* _Task to complete_: What follows is a set of records. Copy them exactly and leave out the images.

Data items
• • • • • • •

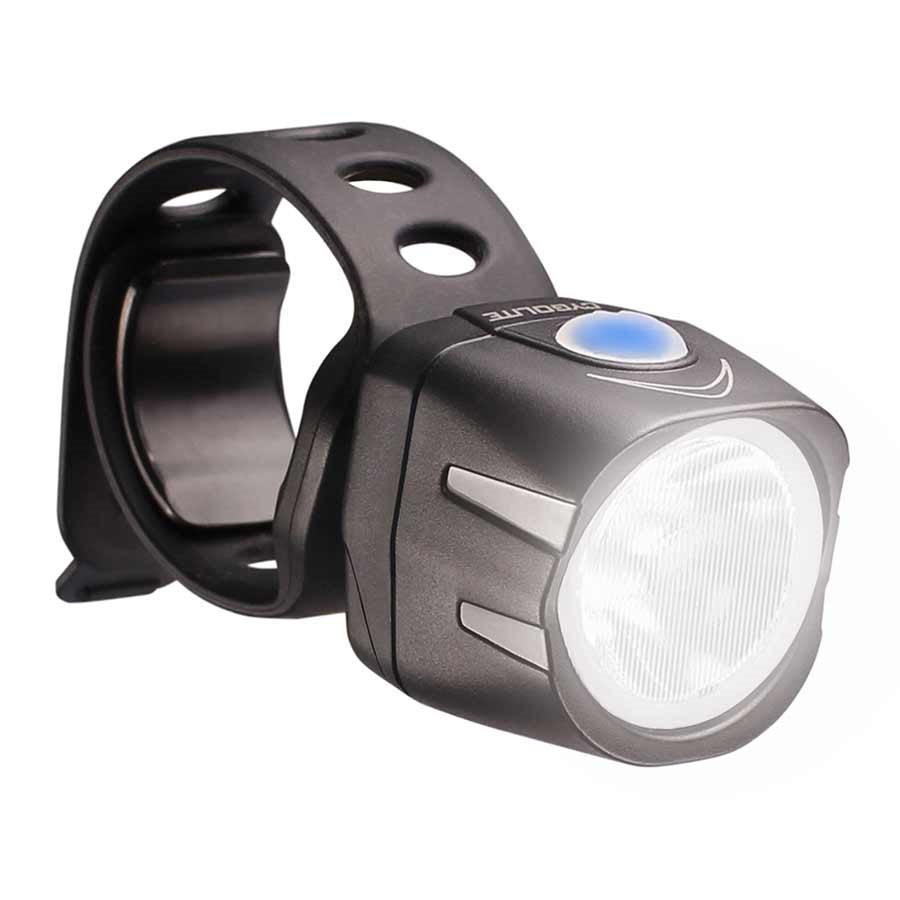 Cygolite Dice Hl Usb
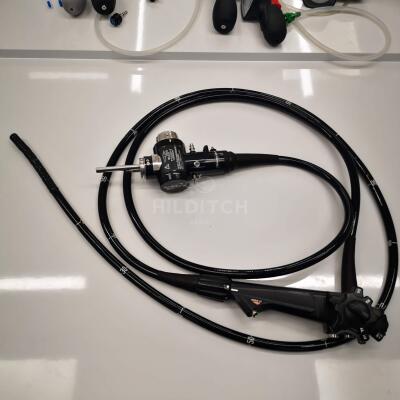 Olympus CF-Q180AL Colonoscope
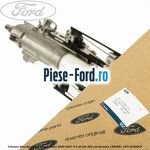 Colier mic bieleta directie Ford Mondeo 2000-2007 3.0 V6 24V 204 cai benzina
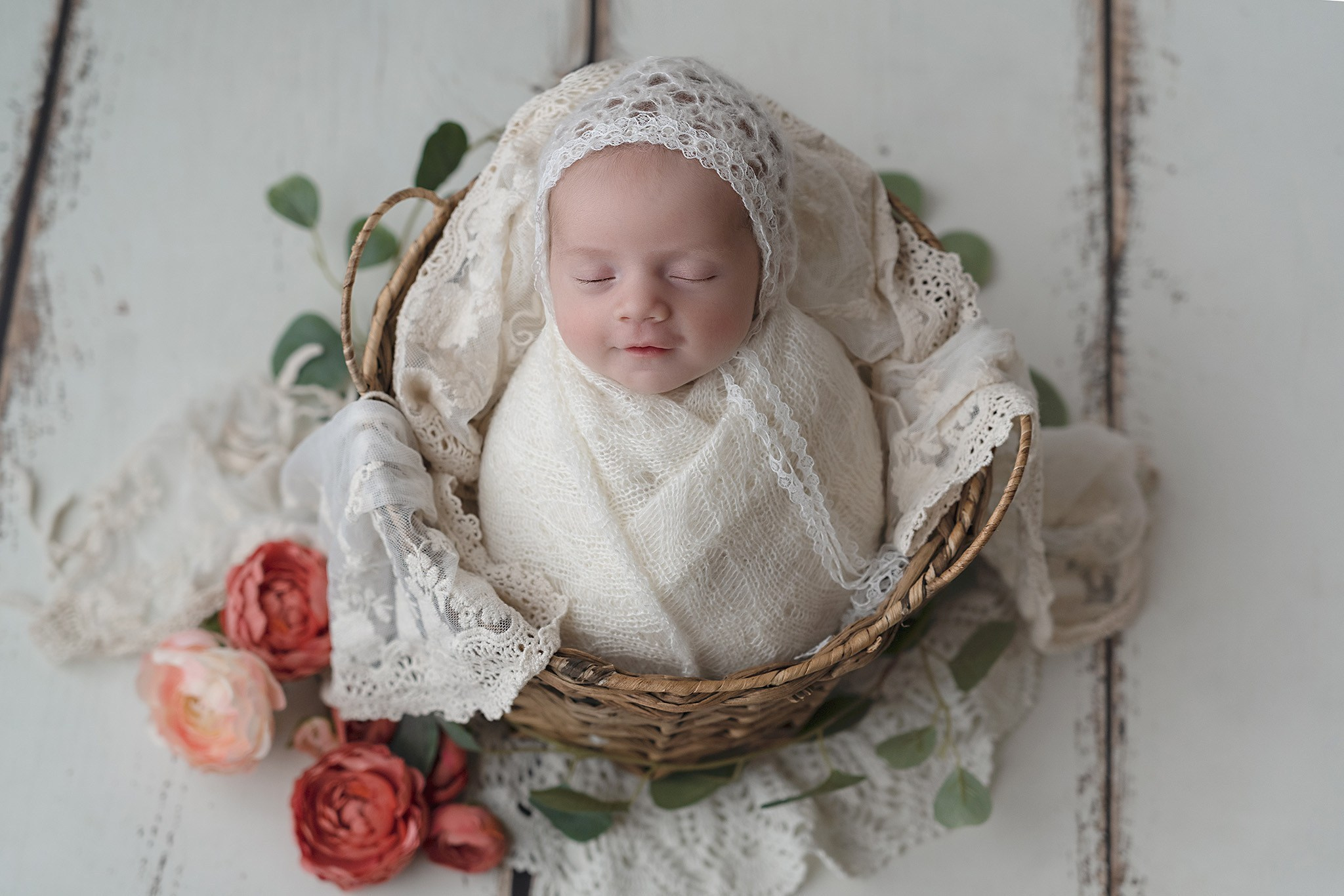 Newborn. Fotograf maternitate, nou-născuți și familie în Cluj-Napoca | Roxana Rusu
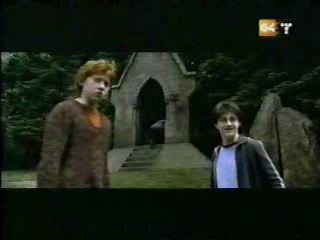 potterish_g4_tv__2275.jpg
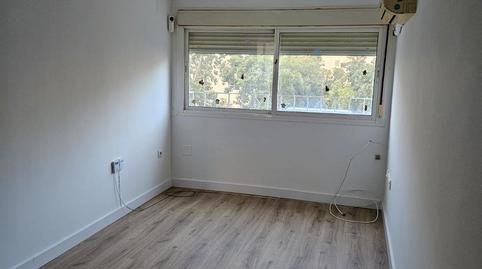 Foto 2 de Piso en venta en Calle Martirio de San Andres, San Pablo,  Sevilla Capital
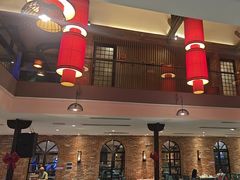 -柴米油盐三杯鸡(象山北路店)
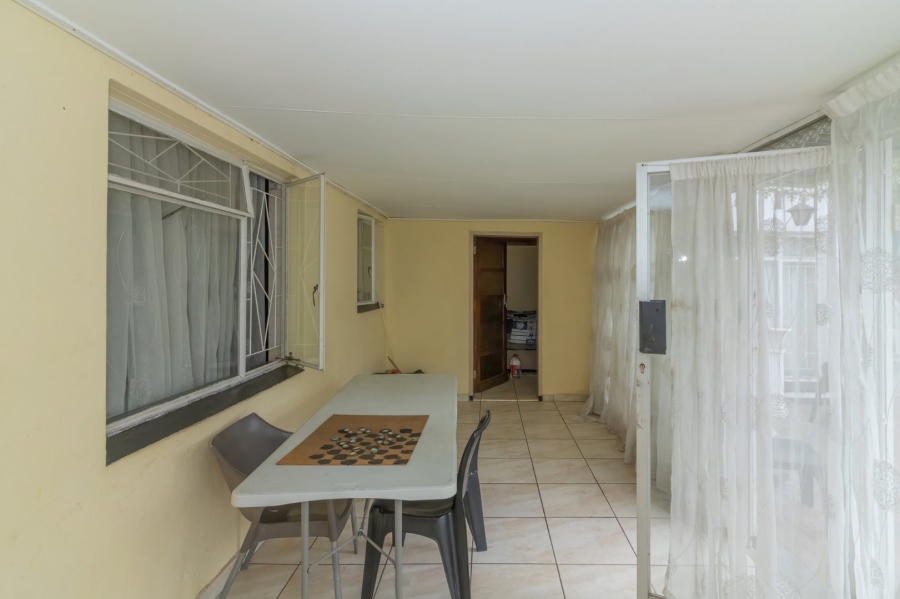 3 Bedroom Property for Sale in Morewag Free State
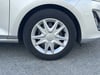 Photo de la voiture FORD FIESTA 1.5 TDCi 85 ch S&S BVM6 Trend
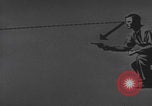 Image of FBI double action shooting United States USA, 1959, second 18 stock footage video 65675080590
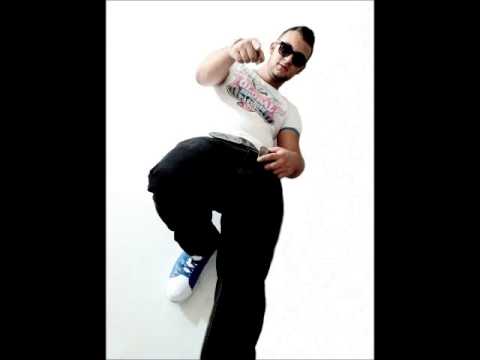 G Unik - Rruge e Gjate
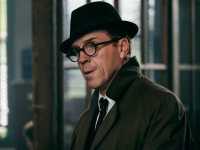 ����� ����� ������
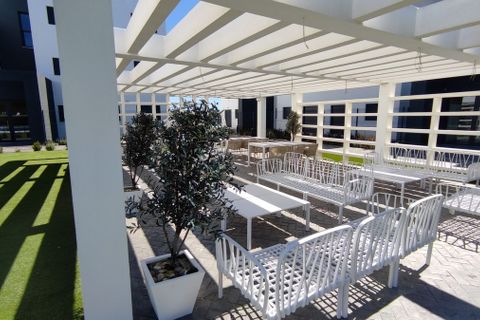 Penthouse i Estepona, Malaga, Estepona - € 589 000 | Ref: CDS4992916-FO - foto 3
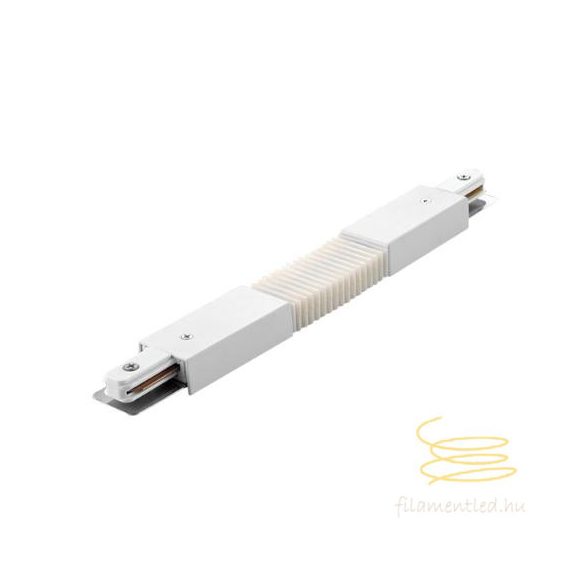 OS_ME 3-PHASE ELECTRICAL CONNECTION FLEXIBLE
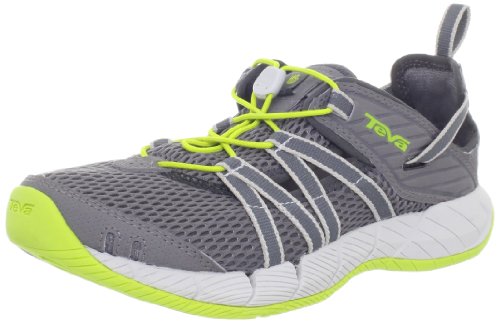 Teva Women's Churn Evo Water Shoe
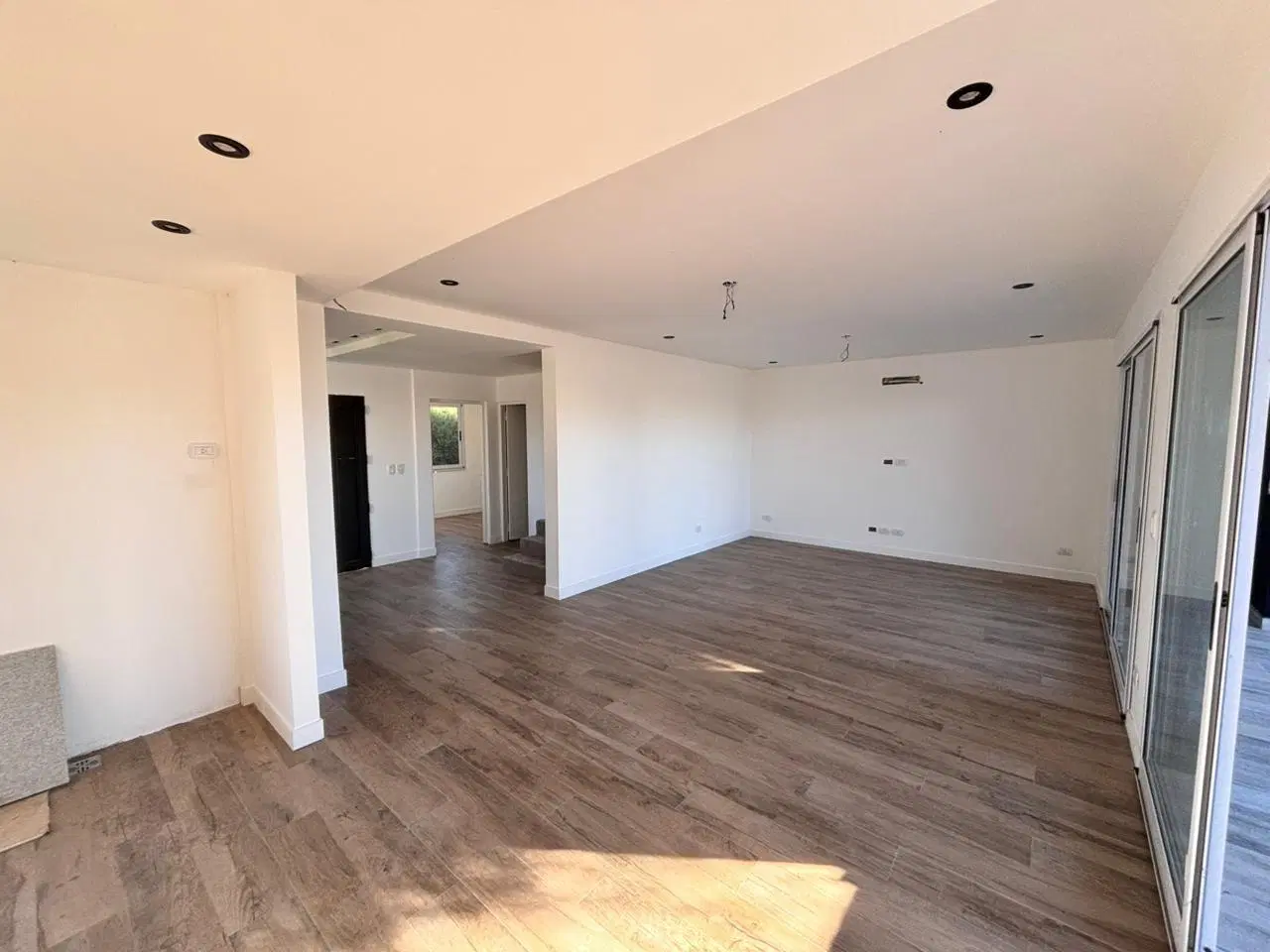 Casa  en Venta en Santa Emilia, Pilar del Este, Pilar 4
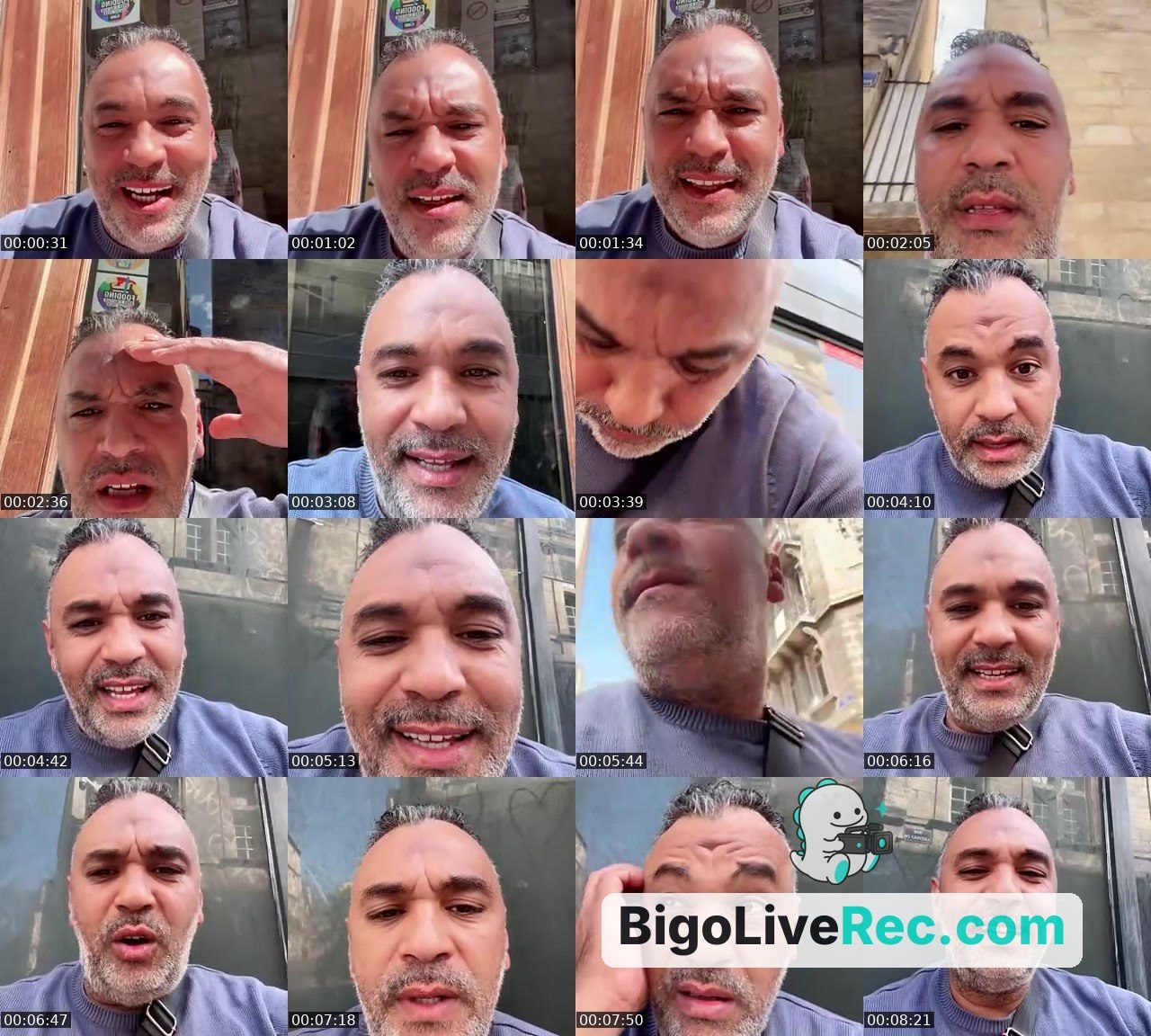 Bigo live: #DJ Star by @771362851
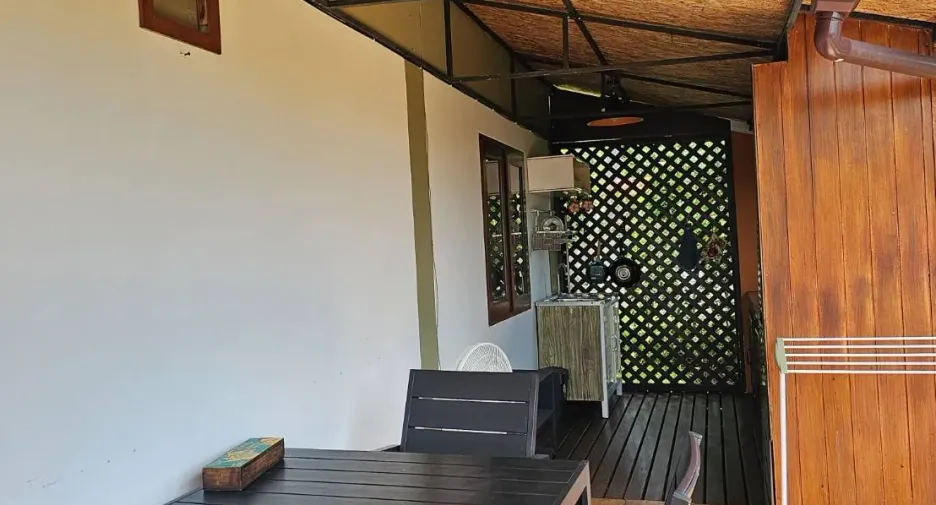 For rent 1 bed house in Ko Samui, Surat Thani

• • • • • • •

* _Task result_:
 Cygolite Dice Hl Usb
 Olympus CF-Q180AL Colonoscope
 Colier mic bieleta directie Ford Mondeo 2000-2007 3.0 V6 24V 204 cai benzina
 Newborn. Fotograf maternitate, nou-născuți și familie în Cluj-Napoca | Roxana Rusu
 potterish_g4_tv__2275.jpg
 Foto 2 de Piso en venta en Calle Martirio de San Andres, San Pablo,  Sevilla Capital
 -柴米油盐三杯鸡(象山北路店)
 3 Bedroom Property for Sale in Morewag Free State
 Photo de la voiture FORD FIESTA 1.5 TDCi 85 ch S&S BVM6 Trend
 Image of FBI double action shooting United States USA, 1959, second 18 stock footage video 65675080590
 G Unik - Rruge e Gjate
 ����� ����� ������
 Penthouse i Estepona, Malaga, Estepona - € 589 000 | Ref: CDS4992916-FO - foto 3
 OS_ME 3-PHASE ELECTRICAL CONNECTION FLEXIBLE
 Teva Women's Churn Evo Water Shoe
 Casa  en Venta en Santa Emilia, Pilar del Este, Pilar 4
 Bigo live: #DJ Star by @771362851
 For rent 1 bed house in Ko Samui, Surat Thani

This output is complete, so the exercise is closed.